# PerformanceCare extended warranty written through Wholesale Warranties



## parrealty (Oct 5, 2011)

Anyone had any experience with Wholesale Warranty writing an extended warranty policy through PerformanceCare?  I know they write through Xtraride and everyone seems to really like them but the premium is double what it is through PerformanceCare with virtually the same coverage.  Wholesale gives PerformanceCare very high marks and says they've been around for 25 years.  I can't find a web site or anything about this company.  Any experiences, good or bad, would be appreciated.
Thanks,
Denny


----------



## Triple E (Oct 5, 2011)

I could find *Performance First* but like you say nothing under *PerformanceCare*.  What year is your RV?


----------



## Craig_R (Oct 5, 2011)

Are you sure you're not talking about Protective Life Corporation Asset Protection Division. They underwrite the Xtraride Extended Warranty.

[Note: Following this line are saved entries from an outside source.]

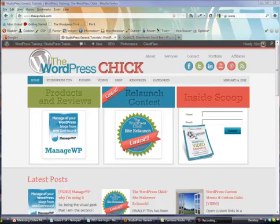Hey everybody, Kim Doyle, WordPress Chick here. So I found this plugin this morning and it's super, super easy to set up.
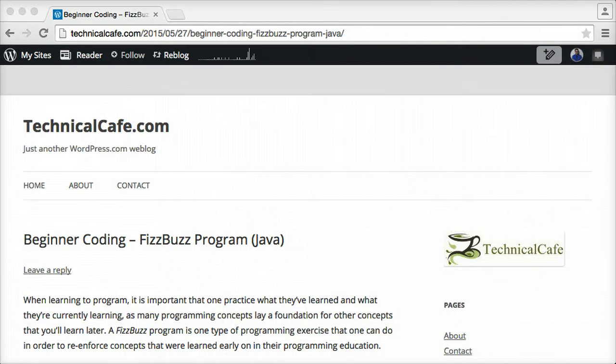Hey everyone, Jamie here from technicalcafe.com. In this tutorial we're going to be talking about how to write a FizzBuzz program in Java.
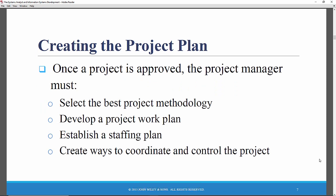Once a project to develop a large-scale organizational information system has been approved, someone must be assigned to be the project manager. One of the most important tasks the project manager must decide on early is to select the best project methodology. Project methodology refers to different versions of the system development lifecycle.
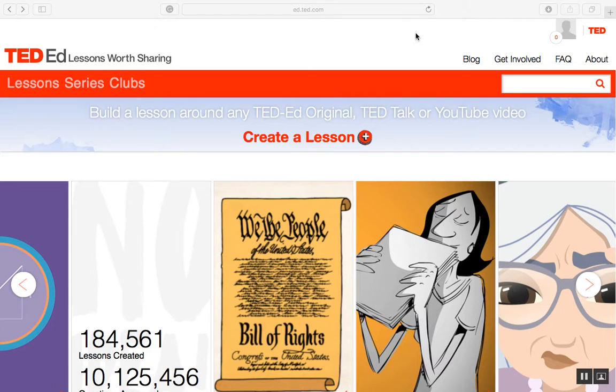Hi, this short video will give you the basics on how to create a lesson using TED-Ed, a free web-based learning tool.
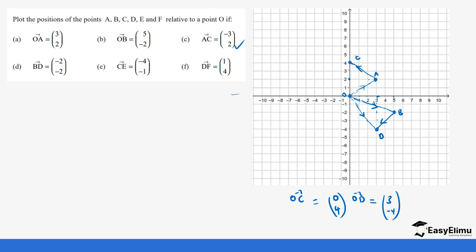Next we have CE, where C is our starting point. For us to get E, we are moving four units on the x-axis on the negative side and one unit on the y-axis on the negative side. So this is where our E is. If we draw this vector, we are moving from C to E. We can also get E in reference to O by extending the line to the origin. Our OE would be four steps on the x-axis — minus four because it's on the opposite side — and three steps on the y-axis positive, giving OE = (-4,3).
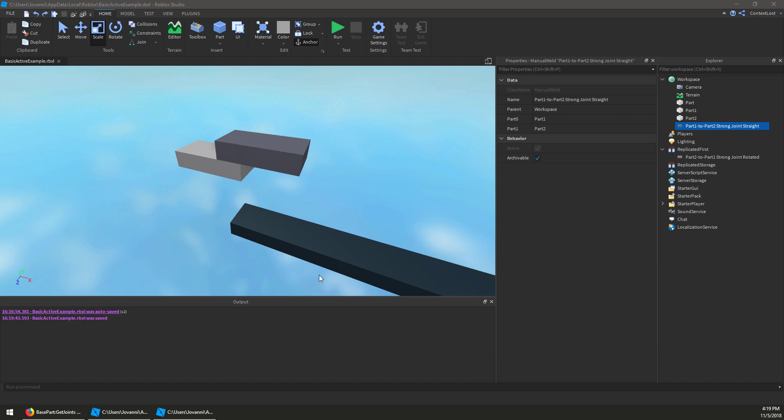Hi, I'm ContextLost. I'm an engineer on the physics team here at Roblox, and I wanted to quickly explain this new active property that we've added for joints.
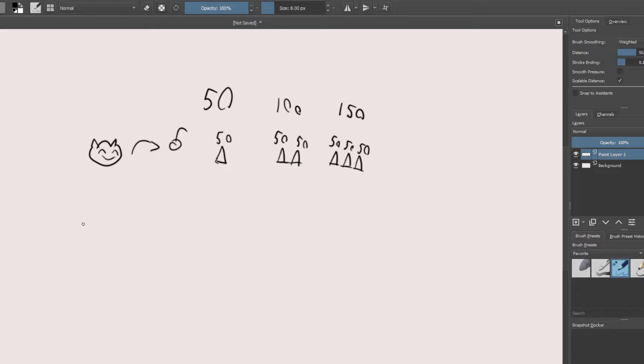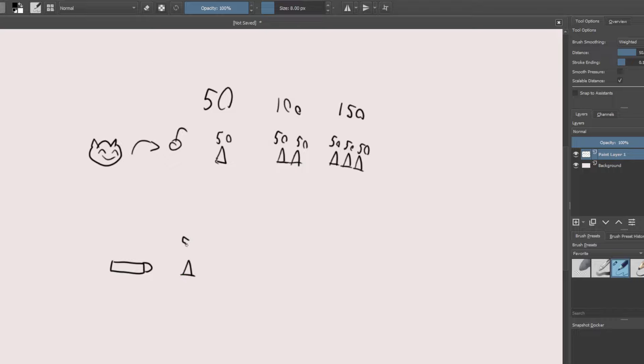So what happens when you buy an item like Runaan's Hurricane on a champion like Jinx? The Runaan's Hurricane, the little bolt that it shoots when you auto, also fires a rocket, which is where quadratic scaling begins to occur. Let's say you shoot a rocket at one minion and you have Runaan's Hurricane, still just going to do 50 damage, because you're just shooting one rocket. But what happens when you shoot at two minions? It's not going to do 100 damage.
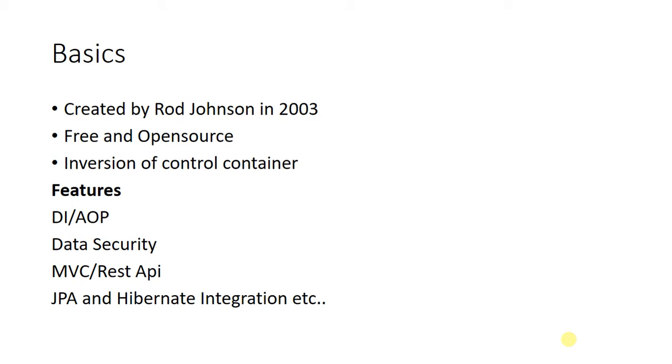It's free and open source software, so anyone can use it, redistribute it, and modify it. The main advantage of Spring Boot is the inversion of control container (IOC).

http://www.protectiveassetprotection.com/Products/RV.aspx

They carry the warranty on our Motorhome. Here is our experience with them so far having only owned this coach for almost 2 months.

http://www.rvusa.com/forum/vbulletin/showthread.php/12410-Xantrex-RS2000-vs-Xantrex-SW2000

While we were very pleased with the eventual outcome, their vendor list really needs some updating.


----------



## parrealty (Oct 7, 2011)

2010 Monaco.


----------